In the 1870s, in an attempt to overcome the corruption in the Indian Office (the forerunner of the Bureau of Indian Affairs), President Ulysses Grant instituted his Peace Policy in which the administration of reservation services was turned over to Christian (primarily Protestant) missionary groups. In her Dartmouth College M.A. Thesis Chemawa Indian Boarding School: The First One Hundred Years, 1880-1980, Sonciray Bonnell summarizes Grant’s Peace Policy this way:
“The Peace Policy aimed to place Indians on reservations, provide agency personnel appointed by church boards of various religious organizations, provide churches and schools and authorize the president to appoint a group of philanthropists to a Board of Indian Commissioners whose responsibility was to review and administer Indian policy with the Secretary of the Interior.”
In her chapter in American Indians/American Presidents: A History, historian Donna Akers writes:
“In reality, the policy rested on the belief that Americans had the right to disposses Native people of their lands, take away their freedoms, and send them to reservations, where missionaries would teach them how to farm, read and write, wear Euro-American clothing, and embrace Christianity. If the Indians refused to move to the reservation, they would be forced off their homelands by soldiers.”
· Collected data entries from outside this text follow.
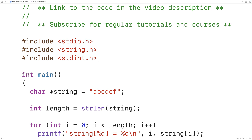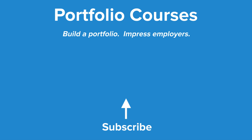You'll often find in online examples that int variables are used where size_t types are expected, and that's because this issue doesn't arise unless you're working with very large numbers. But it's important to be aware of this: if your program works with numbers that large, it's essential to use the size_t type. That's what size_t is in C. Check out portfoliocourses.com where we'll help you build a portfolio that will impress employers, including C programming projects.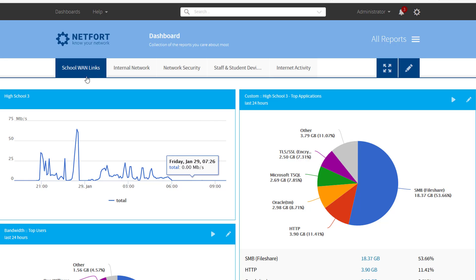I'm logged on to my Languardian here. I've already created this WAN dashboard just called the school WAN links. I'm setting up a system here to monitor a bunch of connections to a couple of schools.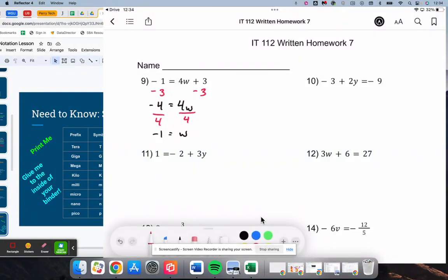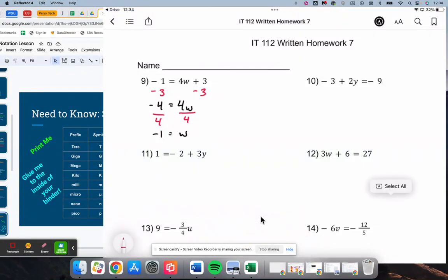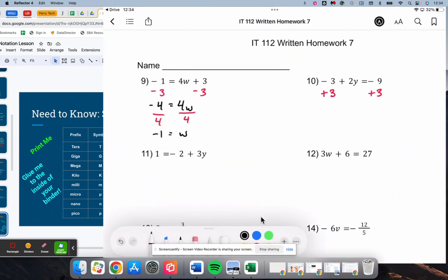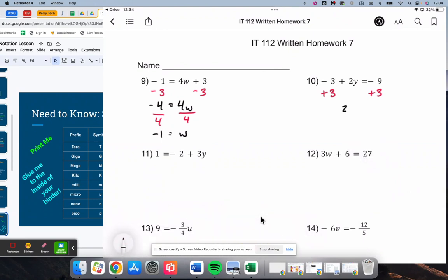For number 10, we have 2y and then there's a negative 3, so we'll deal with the negative 3 first by adding 3. Negative 3 plus 3 makes 0, leaving 2y on the left. Negative 9 plus 3 makes negative 6.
While there are some histories which portray Indians joyfully becoming Christians, this was not usually what happened. In response to the intense pressure of the government to abandon their aboriginal religions, particularly their ceremonies, Indians often responded by incorporating some Christian concepts into their own religions. This resulted in blended indigenous/Christian religions, or by segregation in which aboriginal practices went underground and became invisible to non-Indian eyes. In some cases, revitalization movements arose. In his book Our Savage Neighbors: How Indian War Transformed Early America, Peter Silver explains:
“A revitalization movement occurs whenever a charismatic leader uses a divinely revealed system of rituals to channel the dissatisfactions that come with cultural change—and its worrisome half-digestion of new ways—toward a reawakening of traditional ideas and customs.”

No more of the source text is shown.